Data section:
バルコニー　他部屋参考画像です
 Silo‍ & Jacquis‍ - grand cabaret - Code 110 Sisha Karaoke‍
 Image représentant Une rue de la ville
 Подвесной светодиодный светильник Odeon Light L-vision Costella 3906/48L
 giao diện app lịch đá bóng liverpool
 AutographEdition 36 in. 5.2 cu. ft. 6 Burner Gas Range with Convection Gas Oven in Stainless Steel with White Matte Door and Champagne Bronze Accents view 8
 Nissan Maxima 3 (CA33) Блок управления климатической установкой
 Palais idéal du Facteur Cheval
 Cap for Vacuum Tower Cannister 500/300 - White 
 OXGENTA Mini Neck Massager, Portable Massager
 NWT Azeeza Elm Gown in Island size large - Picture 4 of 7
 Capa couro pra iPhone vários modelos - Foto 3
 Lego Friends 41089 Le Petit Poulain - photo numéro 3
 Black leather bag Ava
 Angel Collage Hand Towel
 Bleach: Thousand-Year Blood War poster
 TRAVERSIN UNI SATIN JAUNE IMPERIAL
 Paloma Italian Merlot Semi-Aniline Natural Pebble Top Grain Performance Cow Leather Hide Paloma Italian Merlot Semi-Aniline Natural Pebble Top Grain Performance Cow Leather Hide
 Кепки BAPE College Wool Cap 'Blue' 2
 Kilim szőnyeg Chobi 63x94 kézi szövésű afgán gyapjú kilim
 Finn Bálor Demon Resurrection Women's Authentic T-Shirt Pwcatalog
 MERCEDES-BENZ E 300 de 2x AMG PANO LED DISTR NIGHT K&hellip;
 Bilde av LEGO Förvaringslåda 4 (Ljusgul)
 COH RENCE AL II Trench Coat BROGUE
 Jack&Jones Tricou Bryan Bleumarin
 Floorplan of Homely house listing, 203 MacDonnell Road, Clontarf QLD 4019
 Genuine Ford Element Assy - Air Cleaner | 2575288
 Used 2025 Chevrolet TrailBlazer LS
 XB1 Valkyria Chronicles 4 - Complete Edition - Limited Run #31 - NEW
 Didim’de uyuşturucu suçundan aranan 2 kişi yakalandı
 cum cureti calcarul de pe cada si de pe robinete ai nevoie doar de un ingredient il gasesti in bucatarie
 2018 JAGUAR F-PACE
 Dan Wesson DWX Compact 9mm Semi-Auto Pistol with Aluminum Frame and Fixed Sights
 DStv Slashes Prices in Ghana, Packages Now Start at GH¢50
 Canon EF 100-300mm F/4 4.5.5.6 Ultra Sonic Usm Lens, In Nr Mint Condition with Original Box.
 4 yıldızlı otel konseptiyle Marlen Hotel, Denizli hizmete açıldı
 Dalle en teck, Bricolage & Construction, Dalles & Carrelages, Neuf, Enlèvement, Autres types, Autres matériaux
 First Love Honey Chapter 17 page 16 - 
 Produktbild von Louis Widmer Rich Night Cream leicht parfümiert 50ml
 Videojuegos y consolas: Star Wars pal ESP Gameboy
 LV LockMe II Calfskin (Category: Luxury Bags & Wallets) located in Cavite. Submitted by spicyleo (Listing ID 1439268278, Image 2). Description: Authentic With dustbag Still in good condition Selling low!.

Work instructions:
Filter by the word "Authentic": copy every line of the data that holds it.

Finished task:
 Finn Bálor Demon Resurrection Women's Authentic T-Shirt Pwcatalog
 LV LockMe II Calfskin (Category: Luxury Bags & Wallets) located in Cavite. Submitted by spicyleo (Listing ID 1439268278, Image 2). Description: Authentic With dustbag Still in good condition Selling low!.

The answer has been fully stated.